When was the last time we were all on the same page regarding the use of student data in K-12 Education? Do we even have a clear consensus on what that term, “student data” means? There are many types of data being collected on a daily basis that can potentially help students have a more successful educational experience. More than just assessments and class grades, understanding the complete view of an individual student through the eyes of the data can provide additional insights to educators that might not have been fully realized through personal interaction alone. That’s not to say data is the end all, be all for improving our system, but as lifelong learners it’s important we understand the new and improving tools we have at our disposal if they can be used, in addition to what we already know, to help students thrive.
It seems as though many of us have realized this already, but without sufficient tools in place Educators – resourceful as they are – often have to create a new path and reinvent the wheel at individual district, school, and classroom levels to achieve the goals they may actually share across a larger base. We see this so often when a district will have taken on a project to build their own data engine, or a teacher will adopt free/low cost technologies just for her/his classroom because they see a need. Or how many principals do we all know that spend the weeks before school starts preparing massive data files for each of their teachers so they can start the year without losing valuable institutional knowledge from previous years of instruction?
The State of the Data Union is in a bit of disarray without common practices and methods in place to achieve shared goals. We all know we want to use whatever knowledge we have, including data gained, to help students in any way we can. So how do we put what we want and what we have into alignment most effectively?
Coming out of a takeover from the state department in 2014 for financial administrative issues, the Scott County School District—nestled 45 minutes outside of Jackson, Mississippi—was, in many ways, hungry for improvement but did not possess the right tools.
“A lot of things had been ignored, and we saw a need to really know our data,” says Stephanie Cotnam, Scott County’s instructional trainer. “We knew we couldn’t grow and get better without it.”

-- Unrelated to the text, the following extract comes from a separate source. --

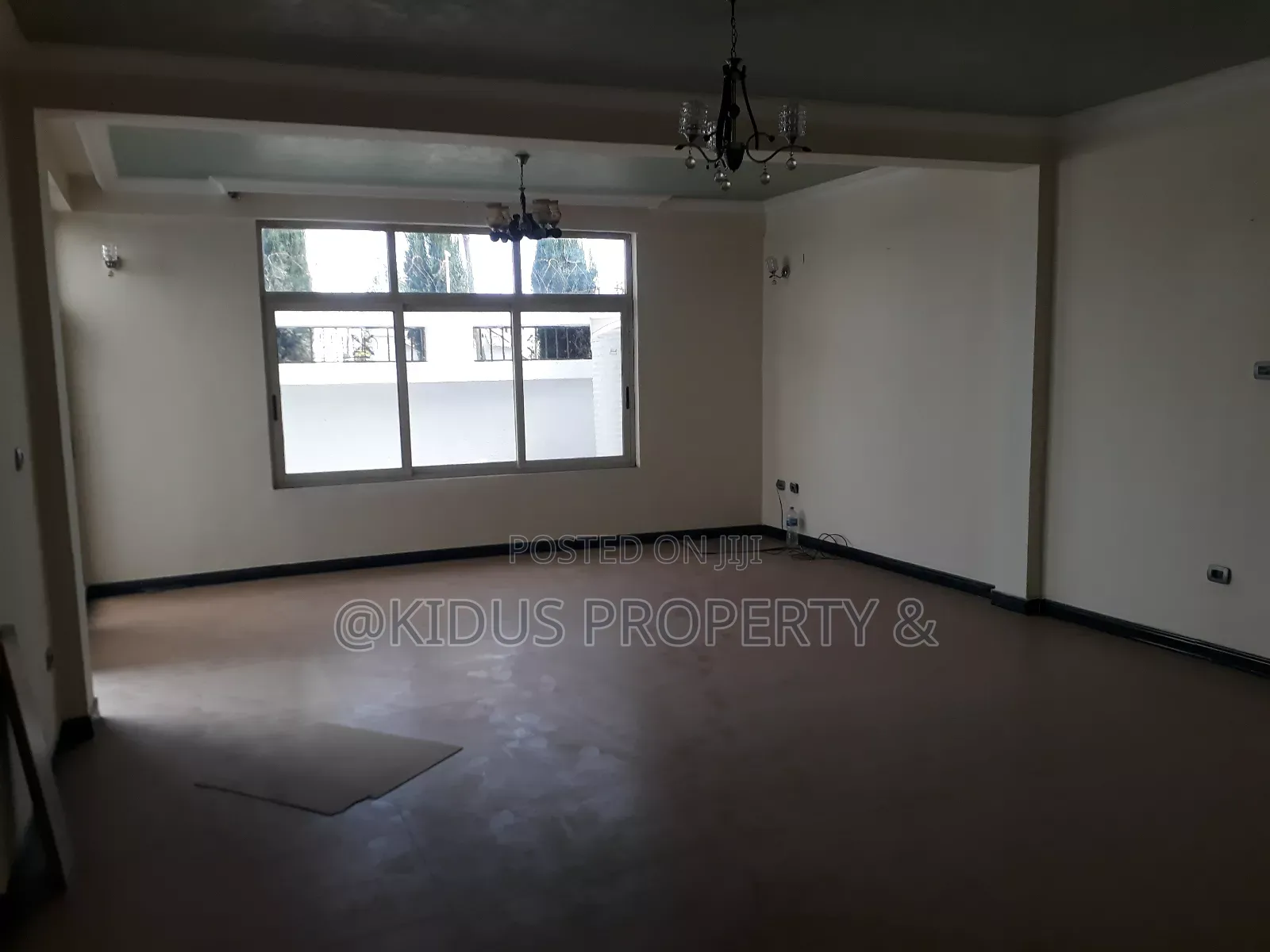 5bdrm Townhouse / Terrace in Nassw Realstate, Nifas Silk-Lafto for rent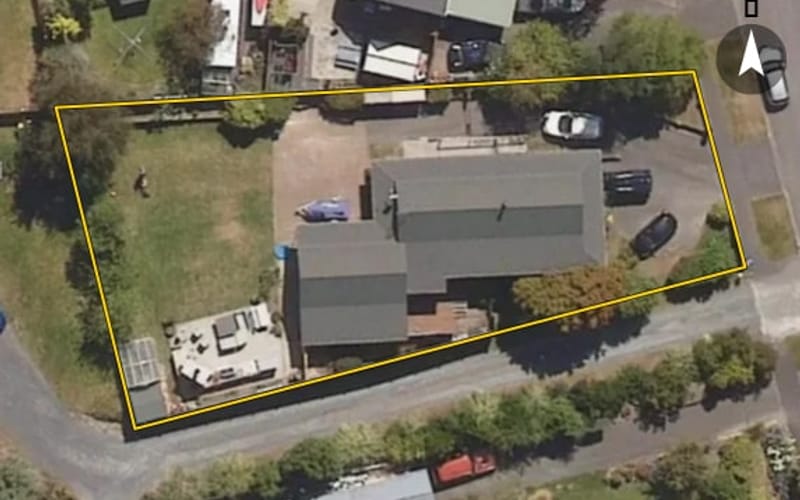 2 Hogan Place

Learn how SchoolStatus turned Scott County School District’s data to action by improving attendance rates, reading levels and discipline, taking their D rating to a B rating in just a year.

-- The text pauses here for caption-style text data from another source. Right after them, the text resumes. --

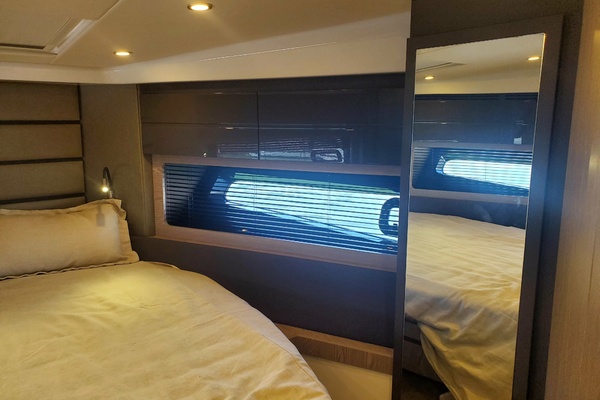 43ft Azimut Yacht For Sale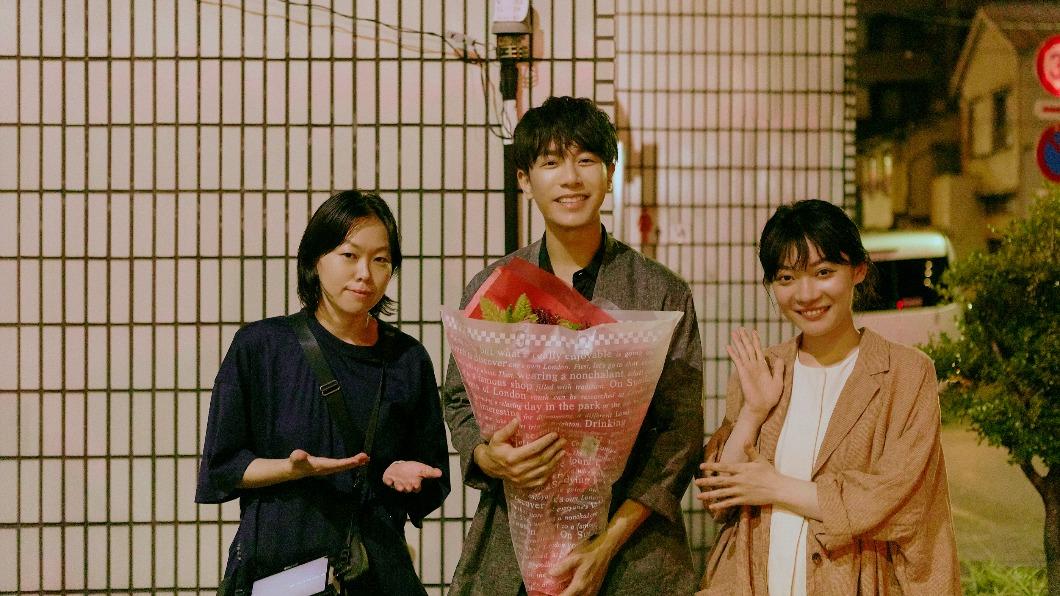 韋禮安（中）新歌MV與日本導演瀨田夏樹（左）、演員三浦透子合作。（圖／The Orchard提供）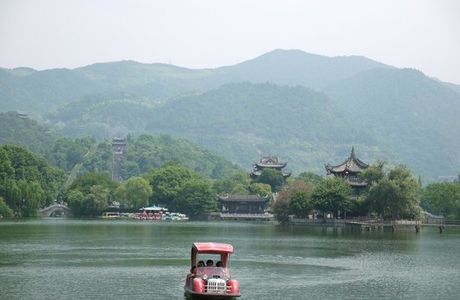 East Lake of Linhai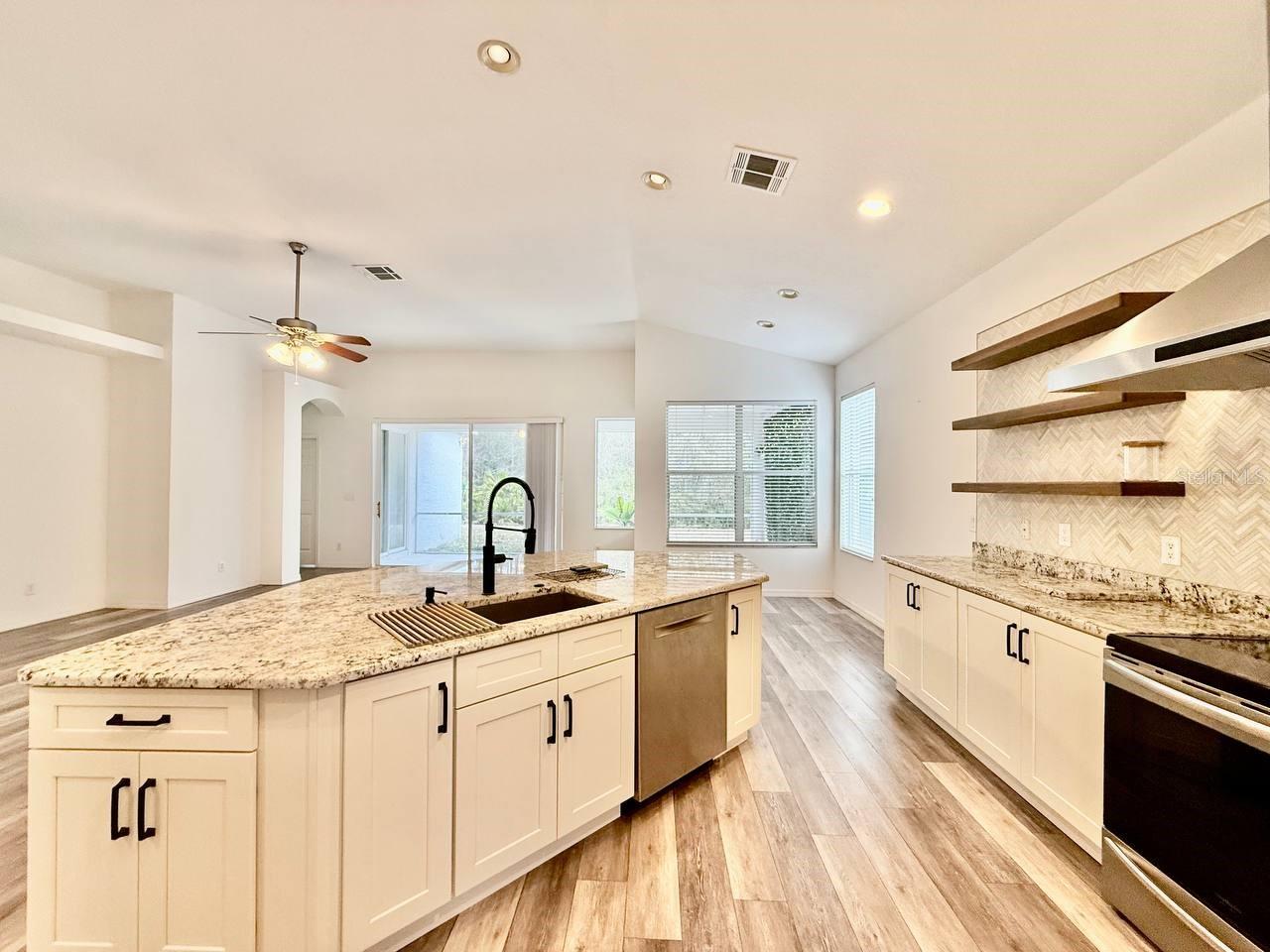 Image 10 of 44 For 10226 Evergreen Hill Drive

According to a May 2018 article in Forbes, 90% of the world’s existing data was created in the last 2 years. WOW. That’s an incredible rate of exponential growth and it’s only going to increase. How are we expected to keep up at such a breakneck pace?

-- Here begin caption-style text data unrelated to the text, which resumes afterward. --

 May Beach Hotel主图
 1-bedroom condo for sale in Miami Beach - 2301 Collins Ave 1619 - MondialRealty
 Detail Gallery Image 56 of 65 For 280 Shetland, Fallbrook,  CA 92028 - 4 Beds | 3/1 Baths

What’s interesting about that rate of growth, though, is that Educators have always naturally carried so much data in their minds on the children they interact with. Much of the data growth in Education is, in fact, knowledge you probably already had – just captured in digital vs. human form. Understanding the data we interact with as primarily a reflection of what makes a good Educator can help us move to the next phase of data analytics in Education. A phase where we don’t see data as a thing to be wrangled or a privacy breach waiting to happen. A phase where we truly believe the data in front of us is a an organizational tool, a living breathing resource to help us marry the information reflected in our own knowing with the empirical data collected. When we relate to data as a reflection and a helpful tool rather than a silo or project, we can start to benefit from having it assist us as we continue to the best we can for our kids and their families.
To reach that level of understanding and interaction with our data, its important that data be accessible, timely, and complete. If teachers can’t access near real-time data for each child in his/her class, they can’t really USE it to help in their day to day interactions. If administrators can’t compare multiple types of data side by side, they can’t form new initiatives or make plans to reach segments of the population that may be falling behind. And without visibility into the communication happening between a student’s caregivers at school and at home, we’re only getting a piece of the puzzle to begin with.